Pennsylvania manufacturer II‐VI decided to install a 2.5 MW microgrid at its New Jersey manufacturing facility for a very different reason. As its business expanded, it was unable to secure additional power quickly enough from its local utility.

II-VI produces application-specific photonic and electronic materials and components. The company found its electrical demand growing as it ramped up production over the past year of its 3D sensing technology.

The commercial and industrial microgrid both accommodates the growth and greens II-VI’s energy supply.

“We faced two significant challenges bringing production levels up at our Warren facility. First, we needed a solution that would deliver power in months not years. Second, we wanted to decrease our overall carbon footprint,” said Giovanni Barbarossa, chief technology officer and president Laser Solutions, II-VI.

By using Bloom Energy Servers as its primary source of power, II-VI is reducing carbon dioxide emissions by 15 million pounds per year compared with the electricity supplied by the New Jersey grid. About 50 percent of the power generated from the New Jersey grid comes from combusting fossil fuels, and the state ranks in the bottom 25 states for air quality.

Quick microgrid install

While II-VI did not reveal project financials, Bloom said the microgrid provides power at a rate competitive with the New Jersey grid.

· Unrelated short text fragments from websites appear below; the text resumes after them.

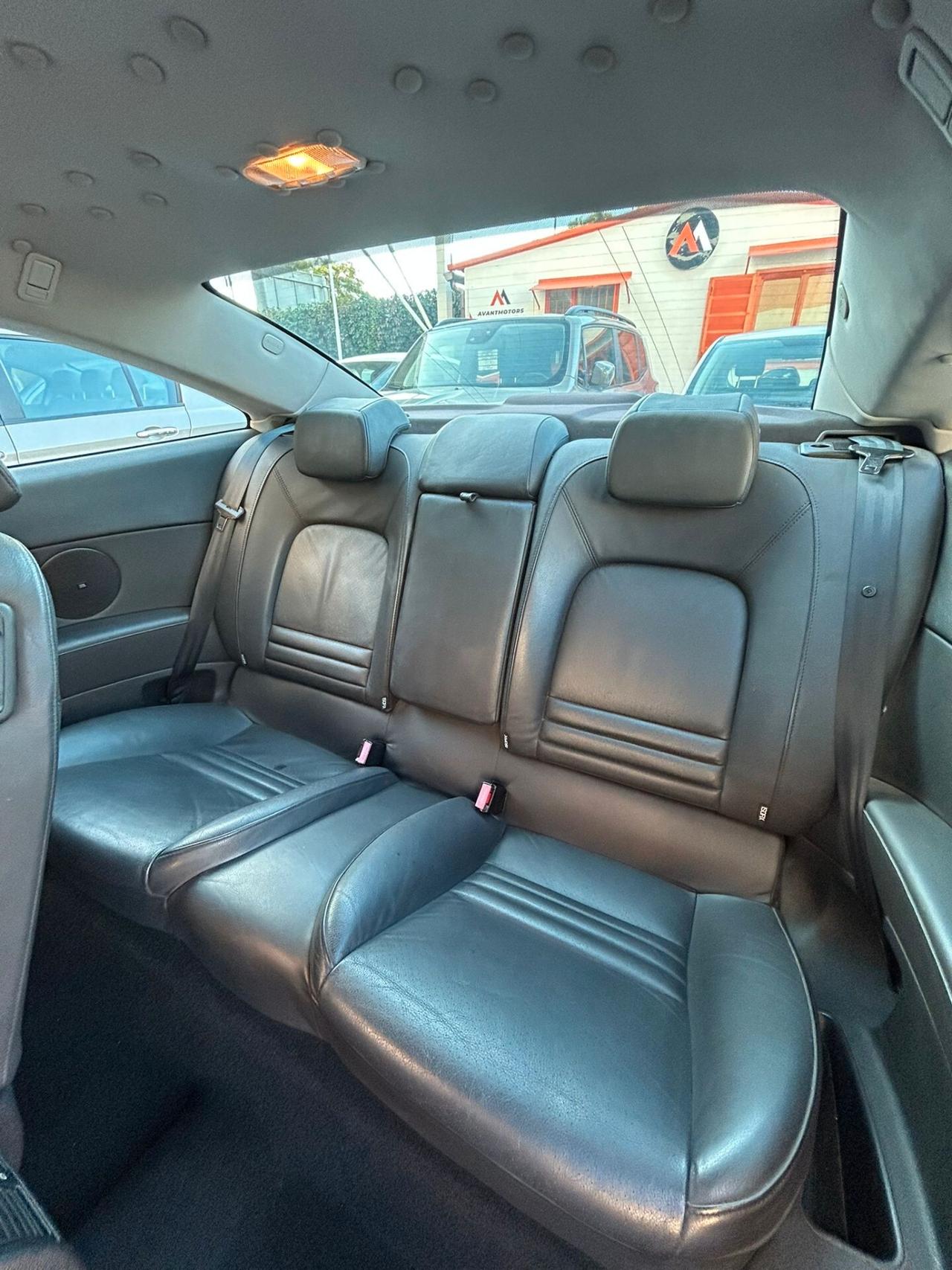PEUGEOT 407 COUPE' 2.7 V6 TECNO **PREZZO REALE**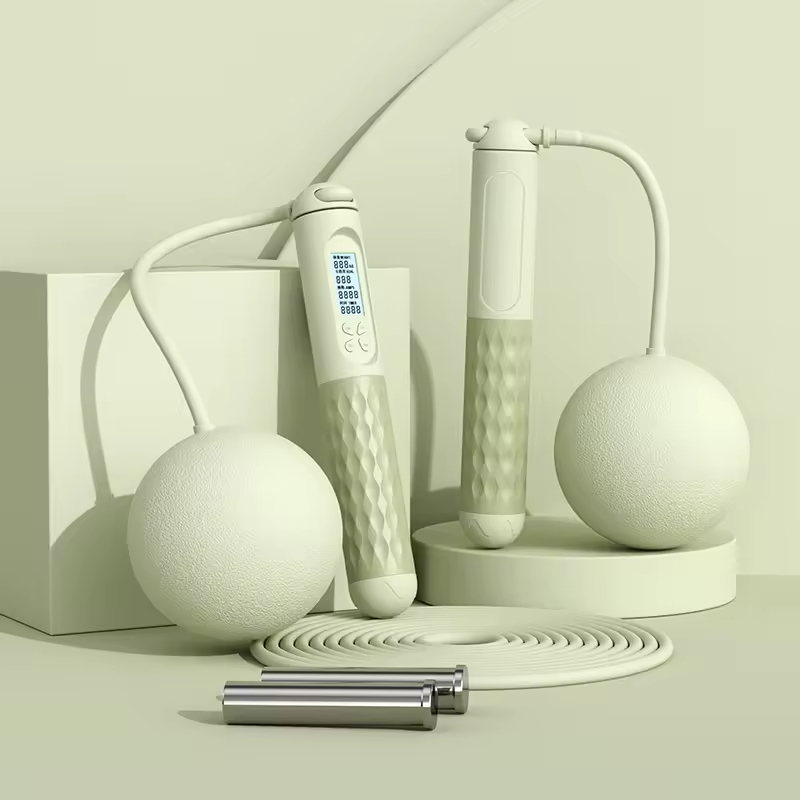 Corde numérique professionnell - Smart Jump Rope Digital Counter avis et prix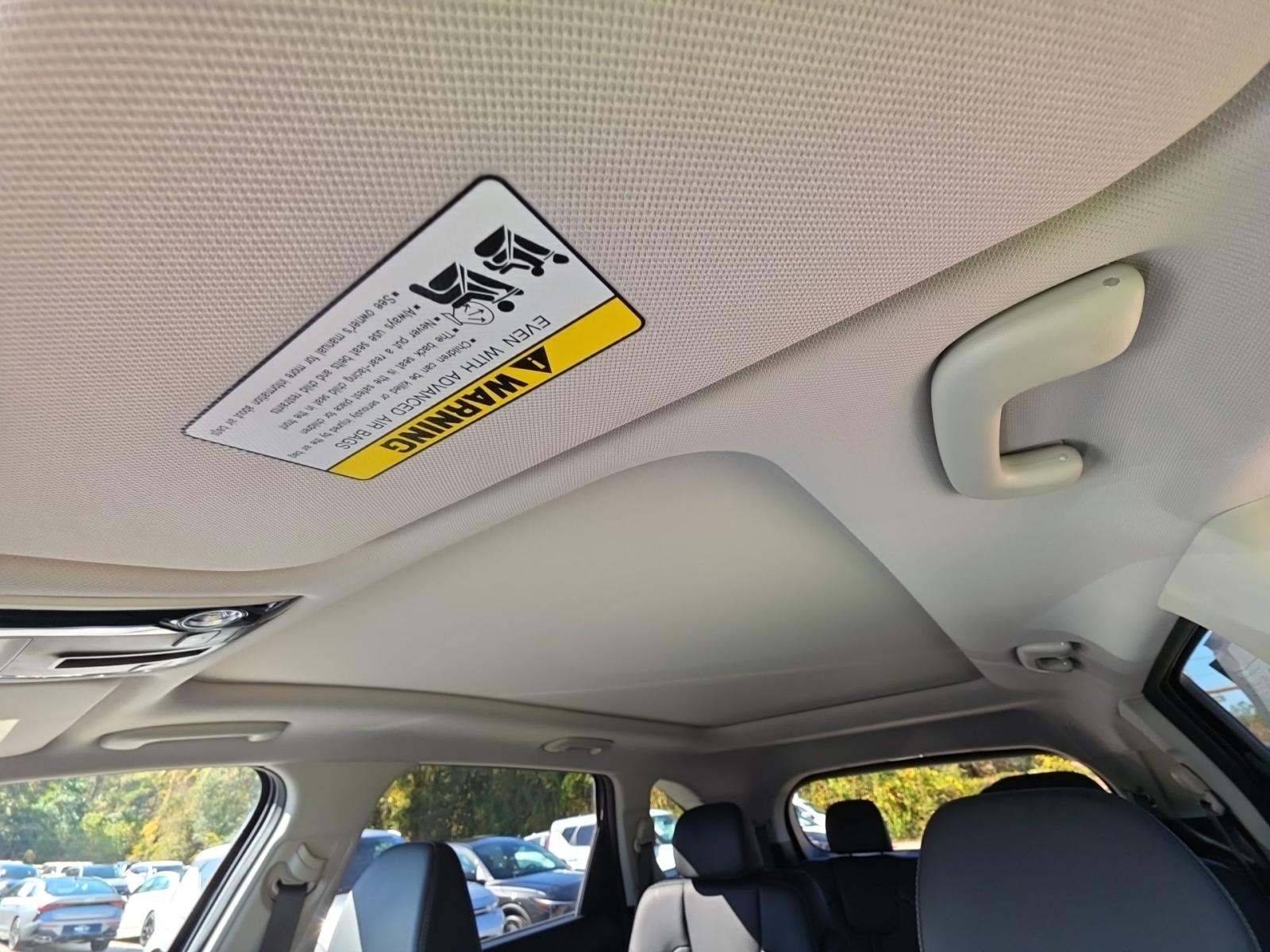 2025 Kia Sorento Hybrid EX FWD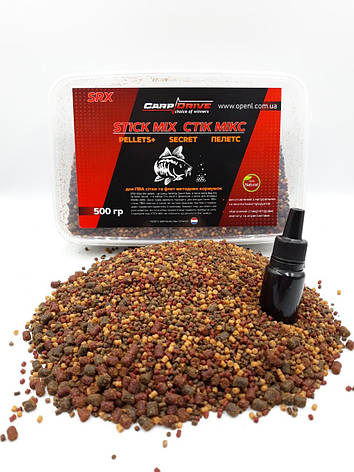 Стік мікс Secret (Stick Mix Secret) 500г SRX, фото 1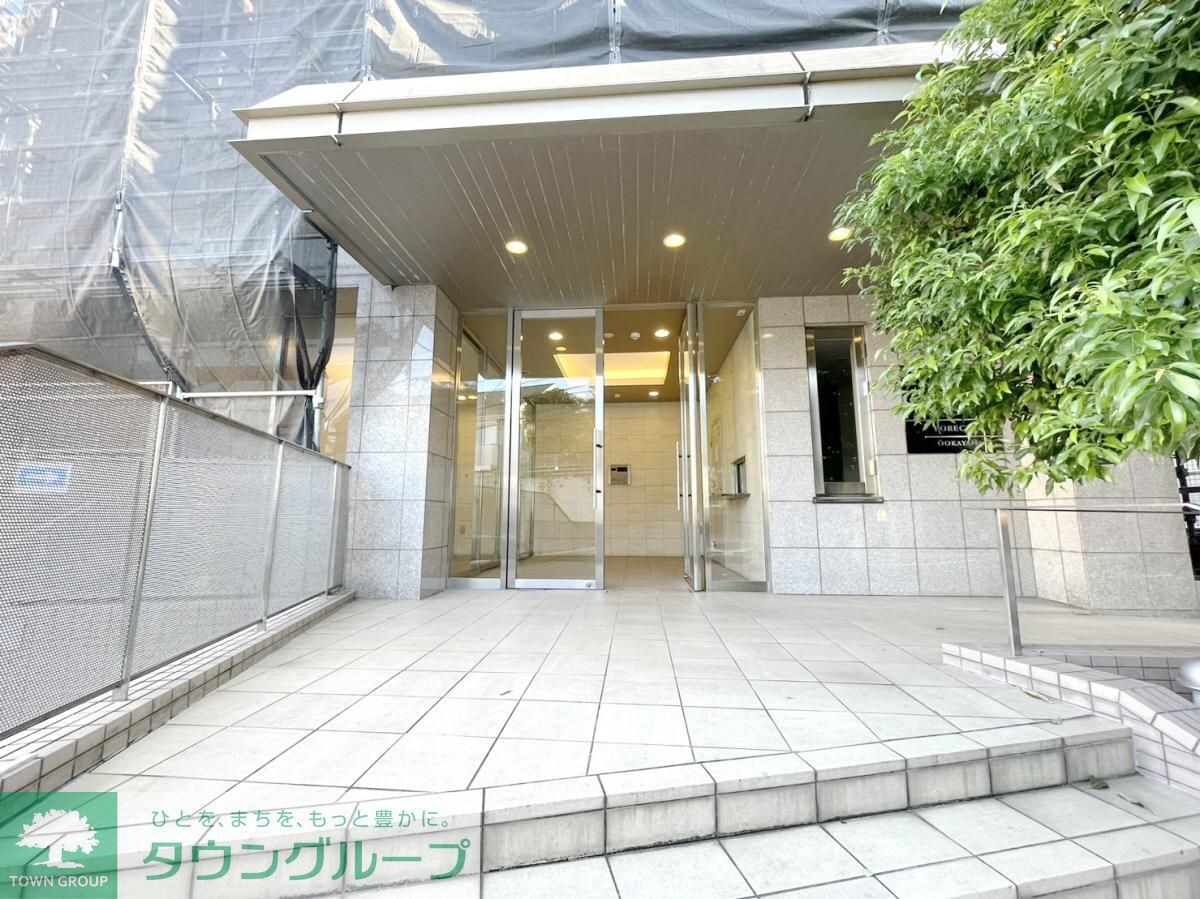 ミリアレジデンス大岡山の物件内観写真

The new microgrid also offers II-VI increased energy security because it uses natural gas supplied by underground lines, which are not vulnerable to severe weather. 

“We faced two significant challenges bringing production levels up at our Warren facility. First, we needed a solution that would deliver power in months not years. Second, we wanted to decrease our overall carbon footprint,” said Giovanni Barbarossa, chief technology officer and president Laser Solutions, II-VI.

Bloom Energy said that it was able to get the commercial and industrial microgrid up and running within nine months.

“It was very, very fast and that enabled them to sustain manufacturing operations and bring manufacturing operations online per their schedule,” said Hussain.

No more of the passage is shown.